> Exercise goal:
After locating the line with "And here we", repeat it and every following line to the end of the listing, exactly. Omit the pictures.

> Given material:
____________

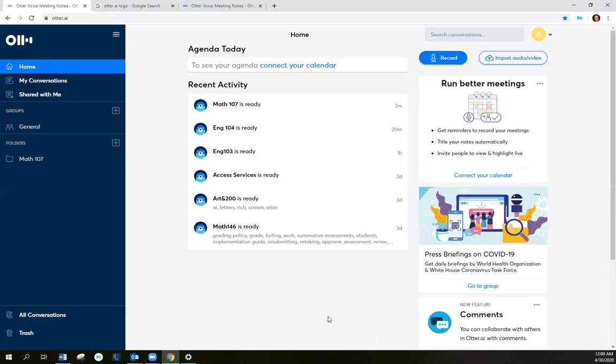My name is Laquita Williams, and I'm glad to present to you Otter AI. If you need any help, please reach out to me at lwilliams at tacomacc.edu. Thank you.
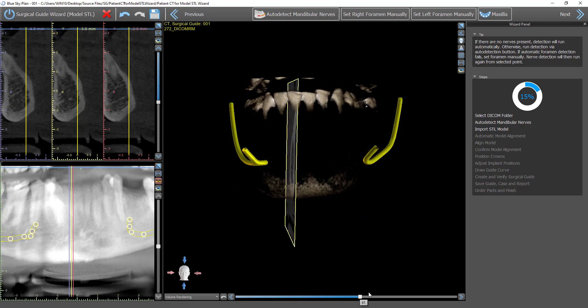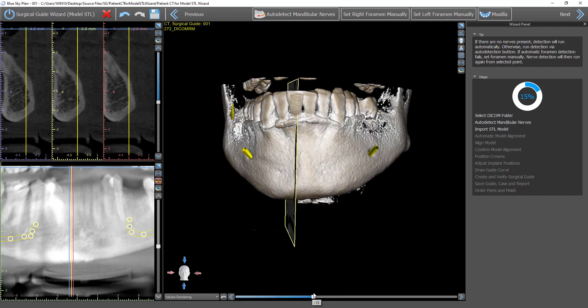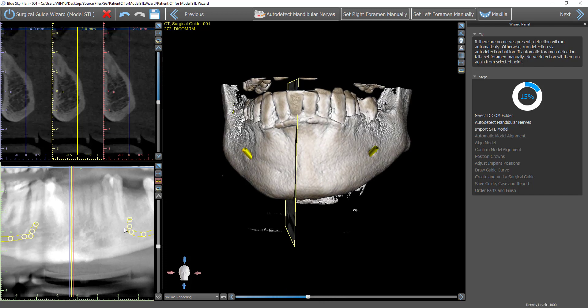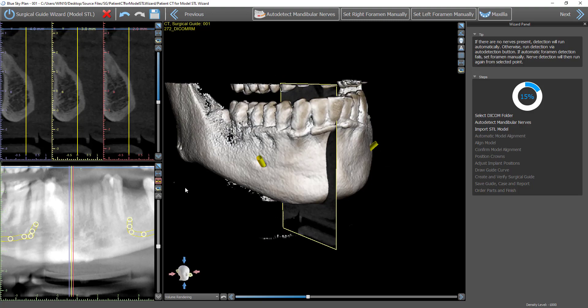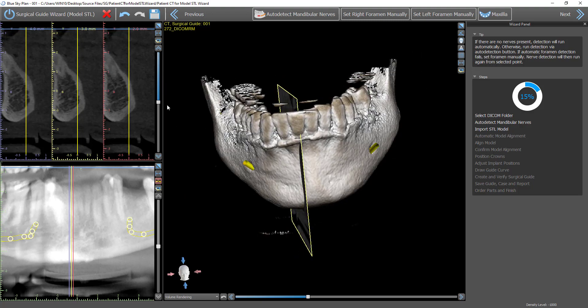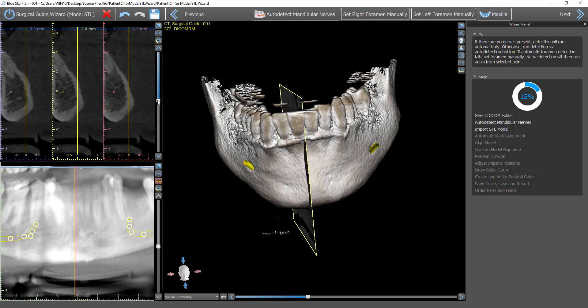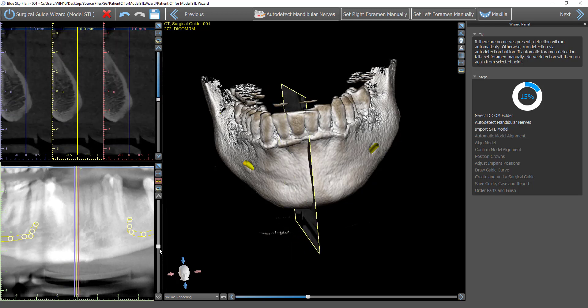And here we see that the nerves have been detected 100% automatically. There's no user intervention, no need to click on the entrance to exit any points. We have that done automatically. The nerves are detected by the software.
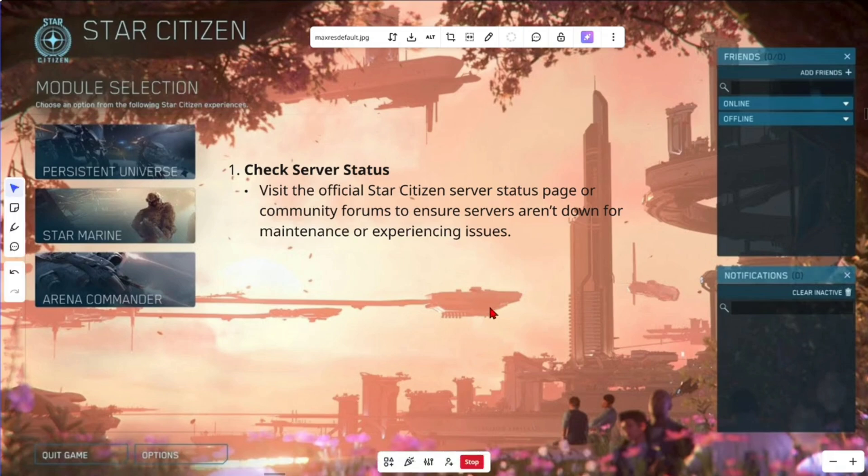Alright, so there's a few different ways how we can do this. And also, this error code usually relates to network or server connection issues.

____________

> Output for this exercise:
And here we see that the nerves have been detected 100% automatically. There's no user intervention, no need to click on the entrance to exit any points. We have that done automatically. The nerves are detected by the software.
Alright, so there's a few different ways how we can do this. And also, this error code usually relates to network or server connection issues.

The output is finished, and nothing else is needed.